In 1976, the same year that approximately 1,000 members of the Societé de géographie de Québec were celebrating their centennial, the 800 or so members of the CAG gathered at Université Laval to celebrate the first quarter-century of their Association. The occasion was marked by the publication of a 25 year retrospective (Hamelin and Beauregard, 1976) and the papers of this little volume make for very interesting reading in this year of the 50th anniversary. In his contribution to the volume, Hamelin said:

"Il est vrai qu'une partie seulement des activités des géographes professionnels se rattache directement ou indirectement au groupement national. Notre Association reste néanmoins l'un des principaux mirroirs de la vie des géographes. L'examen de ses 25 ans d'existence comporte aussi sa propre utilité et conduit naturellement au deuxième objectif de cette réunion, à savoir le dégagement de certaines lignes de conduite pour l'avenir. Le prochain quart de siècle pourra dès lors profiter des réflexions qui nous seront communiquées tout à l'heure."  

Translation:

"It is true that among the activities carried out by professional geographers, only a portion is directly or  indirectly related to the national group. In spite of that, our Association plays an important part in reflecting the life of geographers. Reviewing its first 25 years is, in and of itself, a useful exercise and leads us naturally to this meeting's second objective, which is to develop some guidelines for the future. The next quarter century will indeed benefit from the considerations that  will be presented to us shortly".

 

That the CAG represents the primary loyalty of only a proportion, and perhaps a small one at that, of the trained geographers in this country is as much a matter of concern now as it was in 1976. This is not the place to revisit the arguments that have been made over the years about what the mandate of the Association should be, nor of the extent to which it might reasonably be assumed that geographers would want to be members of it. But there is only small consolation to be gained by the knowledge that these arguments are not new ones. And knowing this does not make it any easier to accept the fact that the 50th anniversary will not be marked by the publication of a companion volume to the one produced by Hamelin and Beauregard.

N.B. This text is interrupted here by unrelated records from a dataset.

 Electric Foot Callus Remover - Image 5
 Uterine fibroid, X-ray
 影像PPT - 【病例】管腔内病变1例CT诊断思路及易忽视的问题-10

The absence of such a commemoration can be interpreted in several different ways, but the most honest would be simply to recognize that for too many people the Association is of less relevance today than it was a quarter century ago. We have, perhaps, not responded very well to the competition provided by the 'intervening opportunities' which have arisen in the form of more specialized interest groups.

 

With that thought in mind it is worth reconsidering the painfully honest appraisal of the CAG's first 25 years J. Keith Fraser has earned the right to criticize the Association by his years of dedicated service to both the Association (serving as President in 1981), and the profession. He wrote that there were several areas where the Association has been ineffective or uncertain. It did not follow through on a proposal to produce a good wall map of Canada for teaching purposes; a program of geographic excursions designed to make Canada better known to foreign colleagues was never undertaken; it was unsuccessful in its attempts to get the Government to reconsider its decision to close the Geographical Branch in 1967; it did not take on the responsibility of producing and updating a comprehensive bibliography of Canadian geography; and it has never been able to elaborate a policy setting down a position on emergent issues of Canadian economic and social development.

 

Some of the 'failures' enunciated by Fraser were specifically characteristic of the time, and are no longer relevant. But others have been addressed, in one way or another, although not always by the CAG. In 1999 the Royal Canadian Geographical Society produced a magnificent new wall map of Canada, and provided a copy to every school in the country. The CAG listserver has provided a useful venue for dissemination of information and, more importantly, some animated debate about current issues. It does not provide the forum for public education that Dr. Fraser might have preferred to see, but it does provide an welcome opportunity for sharing of ideas and alerting members to issues of potential interest and relevance.

 

The great publishing success of the first 25 years was the John Warkentin-edited book entitled Canada: A Geographical Interpretation which represented the Association's contribution to the celebration of Canada's Centennial. A french-language version of this Canadian classic was edited and translated by Ludger Beauregard, and published in 1970. This success has been at least equalled during the second quarter-century by the magnificent four-volume Canadian Association of Geographers Series in Canadian Geography under the general editorship of Cole Harris. Discussions about the possibility of creating such a series began in the mid-eighties, but it was not until 1993 that the first one appeared. The series consists of the following volumes:

 

  • Canada's Cold Environments (1993) Edited by Hugh M. French and Olav Slaymaker.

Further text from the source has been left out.